How important is creative freedom? Richard Florida has an approach to this question in economic terms, essay found via Chris Mooney.
Peter Jackson’s power play hasn’t been mentioned by any of the current candidates running for president. Yet the loss of U.S. jobs to overseas competitors is shaping up to be one of the defining issues of the 2004 campaign. And for good reason. Voters are seeing not just a decline in manufacturing jobs, but also the outsourcing of hundreds of thousands of white-collar brain jobs–everything from software coders to financial analysts for investment banks. These were supposed to be the “safe” jobs, for which high school guidance counselors steered the children of blue-collar workers into college to avoid their parents’ fate.
But the loss of some of these jobs is only the most obvious–and not even the most worrying–aspect of a much bigger problem. Other countries are now encroaching more directly and successfully on what has been, for almost two decades, the heartland of our economic success — the creative economy. Better than any other country in recent years, America has developed new technologies and ideas that spawn new industries and modernize old ones, from the Internet to big-box stores to innovative product designs.
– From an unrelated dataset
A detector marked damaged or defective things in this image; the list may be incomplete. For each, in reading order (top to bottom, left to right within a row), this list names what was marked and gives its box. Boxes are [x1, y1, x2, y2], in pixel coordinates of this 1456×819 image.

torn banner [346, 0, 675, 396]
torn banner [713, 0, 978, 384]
And these have proved the principal force behind the U.S. economy’s creation of more than 20 million jobs in the creative sector during the 1990s, even as it continued to shed manufacturing, agricultural, and other jobs.
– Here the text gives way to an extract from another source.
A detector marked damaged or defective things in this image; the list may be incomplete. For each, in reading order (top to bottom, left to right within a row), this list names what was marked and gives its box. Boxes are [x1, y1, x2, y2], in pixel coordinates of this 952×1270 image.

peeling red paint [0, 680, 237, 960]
Thus far the idea of creativity has come up in classes ranging from freshman composition, creative writing, and British Literature. Creativity isn’t just about poetry or character development; it’s also about mathematics, history, and physics. It has to do with how we use tech, paper, and the people around us to make things, good things. I don’t agree with all of Florida’s conclusions because they’re blanket, but the essence is there. People need room, space, to think.